Exercise goal:
All that should come back is the lines of the data below from the one containing "May include: A black" to the one containing "Just reduced. Pristine", inclusive, exactly as they stand.

#####

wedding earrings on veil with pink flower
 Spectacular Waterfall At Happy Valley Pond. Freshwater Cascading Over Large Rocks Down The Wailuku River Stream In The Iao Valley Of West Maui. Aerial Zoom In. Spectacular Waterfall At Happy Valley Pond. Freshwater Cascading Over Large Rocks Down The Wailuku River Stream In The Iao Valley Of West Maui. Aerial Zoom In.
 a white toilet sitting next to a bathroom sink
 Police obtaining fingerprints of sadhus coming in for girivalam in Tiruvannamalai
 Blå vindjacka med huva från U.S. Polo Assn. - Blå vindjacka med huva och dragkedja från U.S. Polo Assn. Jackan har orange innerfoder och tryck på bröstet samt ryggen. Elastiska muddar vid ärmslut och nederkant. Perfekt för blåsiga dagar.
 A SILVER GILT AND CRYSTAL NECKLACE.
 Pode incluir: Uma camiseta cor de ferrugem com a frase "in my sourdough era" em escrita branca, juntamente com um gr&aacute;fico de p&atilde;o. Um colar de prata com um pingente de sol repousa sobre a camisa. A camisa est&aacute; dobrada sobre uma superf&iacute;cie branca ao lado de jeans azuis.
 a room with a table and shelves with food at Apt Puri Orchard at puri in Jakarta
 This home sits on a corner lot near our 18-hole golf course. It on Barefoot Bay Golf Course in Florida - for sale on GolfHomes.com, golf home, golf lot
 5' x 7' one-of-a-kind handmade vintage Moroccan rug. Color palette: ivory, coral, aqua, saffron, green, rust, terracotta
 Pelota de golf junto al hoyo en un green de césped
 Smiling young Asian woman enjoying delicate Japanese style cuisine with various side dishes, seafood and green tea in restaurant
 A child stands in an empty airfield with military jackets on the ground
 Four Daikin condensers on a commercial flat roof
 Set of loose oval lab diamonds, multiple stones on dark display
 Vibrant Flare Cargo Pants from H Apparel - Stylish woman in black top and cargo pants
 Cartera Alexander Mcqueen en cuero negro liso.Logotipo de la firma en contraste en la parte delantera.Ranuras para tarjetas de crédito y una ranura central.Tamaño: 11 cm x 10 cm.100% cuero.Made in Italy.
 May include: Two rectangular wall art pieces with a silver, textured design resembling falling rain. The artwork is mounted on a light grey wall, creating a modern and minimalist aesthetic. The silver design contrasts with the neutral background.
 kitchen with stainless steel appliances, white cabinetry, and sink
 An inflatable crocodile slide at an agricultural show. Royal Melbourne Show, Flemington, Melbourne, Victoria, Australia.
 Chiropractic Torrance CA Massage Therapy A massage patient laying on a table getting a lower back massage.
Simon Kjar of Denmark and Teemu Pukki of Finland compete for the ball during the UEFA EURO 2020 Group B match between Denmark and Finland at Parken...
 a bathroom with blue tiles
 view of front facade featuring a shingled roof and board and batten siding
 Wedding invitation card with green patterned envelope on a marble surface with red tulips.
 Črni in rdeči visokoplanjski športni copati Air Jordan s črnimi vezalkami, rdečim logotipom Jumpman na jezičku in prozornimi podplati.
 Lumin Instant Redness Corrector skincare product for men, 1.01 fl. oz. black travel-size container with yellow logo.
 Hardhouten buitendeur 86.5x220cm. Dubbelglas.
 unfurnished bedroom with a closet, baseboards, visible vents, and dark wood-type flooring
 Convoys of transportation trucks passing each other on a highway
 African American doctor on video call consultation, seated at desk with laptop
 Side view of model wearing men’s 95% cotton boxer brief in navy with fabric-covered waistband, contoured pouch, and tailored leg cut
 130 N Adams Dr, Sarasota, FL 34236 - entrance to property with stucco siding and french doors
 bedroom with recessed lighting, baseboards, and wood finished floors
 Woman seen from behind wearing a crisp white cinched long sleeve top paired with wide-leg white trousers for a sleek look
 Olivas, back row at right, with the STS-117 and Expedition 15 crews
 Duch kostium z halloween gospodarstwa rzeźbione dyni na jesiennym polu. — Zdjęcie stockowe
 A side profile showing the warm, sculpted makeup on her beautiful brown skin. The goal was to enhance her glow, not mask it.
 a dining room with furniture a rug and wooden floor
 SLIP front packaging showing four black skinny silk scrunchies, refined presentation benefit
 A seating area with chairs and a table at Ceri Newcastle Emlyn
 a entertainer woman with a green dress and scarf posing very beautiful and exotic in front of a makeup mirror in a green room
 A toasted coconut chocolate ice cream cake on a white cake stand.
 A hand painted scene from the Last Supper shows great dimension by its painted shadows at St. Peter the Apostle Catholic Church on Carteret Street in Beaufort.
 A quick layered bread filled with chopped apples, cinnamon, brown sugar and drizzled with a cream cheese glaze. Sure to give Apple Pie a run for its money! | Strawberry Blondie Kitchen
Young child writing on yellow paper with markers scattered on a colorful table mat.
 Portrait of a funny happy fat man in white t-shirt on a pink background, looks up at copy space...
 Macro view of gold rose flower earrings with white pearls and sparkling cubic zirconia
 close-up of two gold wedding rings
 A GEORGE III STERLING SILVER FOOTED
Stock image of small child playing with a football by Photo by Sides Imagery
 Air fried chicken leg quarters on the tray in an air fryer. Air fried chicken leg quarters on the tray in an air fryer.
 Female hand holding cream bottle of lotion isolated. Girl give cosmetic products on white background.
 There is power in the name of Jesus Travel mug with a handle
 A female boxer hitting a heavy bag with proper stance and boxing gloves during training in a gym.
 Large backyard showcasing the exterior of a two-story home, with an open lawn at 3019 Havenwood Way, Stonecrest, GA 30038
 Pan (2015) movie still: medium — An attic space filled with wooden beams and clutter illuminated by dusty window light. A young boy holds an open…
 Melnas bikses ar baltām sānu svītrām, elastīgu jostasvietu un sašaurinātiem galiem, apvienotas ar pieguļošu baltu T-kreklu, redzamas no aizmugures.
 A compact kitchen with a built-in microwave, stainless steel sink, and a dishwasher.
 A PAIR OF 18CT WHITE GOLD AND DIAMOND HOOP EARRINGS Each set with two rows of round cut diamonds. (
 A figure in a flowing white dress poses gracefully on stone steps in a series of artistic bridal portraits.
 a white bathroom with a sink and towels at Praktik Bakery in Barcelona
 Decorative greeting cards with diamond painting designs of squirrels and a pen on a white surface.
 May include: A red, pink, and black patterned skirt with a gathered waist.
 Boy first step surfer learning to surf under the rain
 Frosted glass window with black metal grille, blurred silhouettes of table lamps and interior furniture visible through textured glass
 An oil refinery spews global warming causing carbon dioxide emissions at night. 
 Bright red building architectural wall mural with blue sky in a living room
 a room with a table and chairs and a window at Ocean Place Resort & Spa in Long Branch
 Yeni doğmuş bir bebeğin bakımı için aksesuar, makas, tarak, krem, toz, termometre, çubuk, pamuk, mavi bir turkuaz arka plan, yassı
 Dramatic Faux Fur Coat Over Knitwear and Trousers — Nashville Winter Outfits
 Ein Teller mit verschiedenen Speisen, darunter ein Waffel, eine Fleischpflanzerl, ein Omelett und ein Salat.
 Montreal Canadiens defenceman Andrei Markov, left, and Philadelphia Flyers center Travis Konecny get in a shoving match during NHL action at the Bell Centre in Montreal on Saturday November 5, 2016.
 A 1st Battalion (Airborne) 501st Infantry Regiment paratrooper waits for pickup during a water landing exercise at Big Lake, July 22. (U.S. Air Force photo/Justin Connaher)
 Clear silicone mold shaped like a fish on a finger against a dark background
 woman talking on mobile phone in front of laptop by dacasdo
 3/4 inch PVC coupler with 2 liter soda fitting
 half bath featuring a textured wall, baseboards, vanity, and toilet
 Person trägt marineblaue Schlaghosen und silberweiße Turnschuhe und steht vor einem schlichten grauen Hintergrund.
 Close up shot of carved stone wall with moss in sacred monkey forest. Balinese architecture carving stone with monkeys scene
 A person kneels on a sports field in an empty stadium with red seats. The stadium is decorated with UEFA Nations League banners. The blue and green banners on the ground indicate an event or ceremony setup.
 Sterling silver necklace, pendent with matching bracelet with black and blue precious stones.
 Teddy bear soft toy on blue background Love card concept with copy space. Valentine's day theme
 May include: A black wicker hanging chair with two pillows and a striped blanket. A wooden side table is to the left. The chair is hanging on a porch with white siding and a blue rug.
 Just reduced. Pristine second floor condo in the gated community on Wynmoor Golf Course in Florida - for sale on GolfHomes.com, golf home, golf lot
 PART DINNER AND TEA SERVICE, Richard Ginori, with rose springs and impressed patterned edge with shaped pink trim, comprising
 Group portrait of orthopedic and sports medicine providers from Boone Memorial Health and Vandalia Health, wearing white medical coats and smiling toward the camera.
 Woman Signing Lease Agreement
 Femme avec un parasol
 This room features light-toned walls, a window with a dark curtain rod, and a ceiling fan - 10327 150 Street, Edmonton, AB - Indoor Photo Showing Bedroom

#####

Written solution:
 May include: A black wicker hanging chair with two pillows and a striped blanket. A wooden side table is to the left. The chair is hanging on a porch with white siding and a blue rug.
 Just reduced. Pristine second floor condo in the gated community on Wynmoor Golf Course in Florida - for sale on GolfHomes.com, golf home, golf lot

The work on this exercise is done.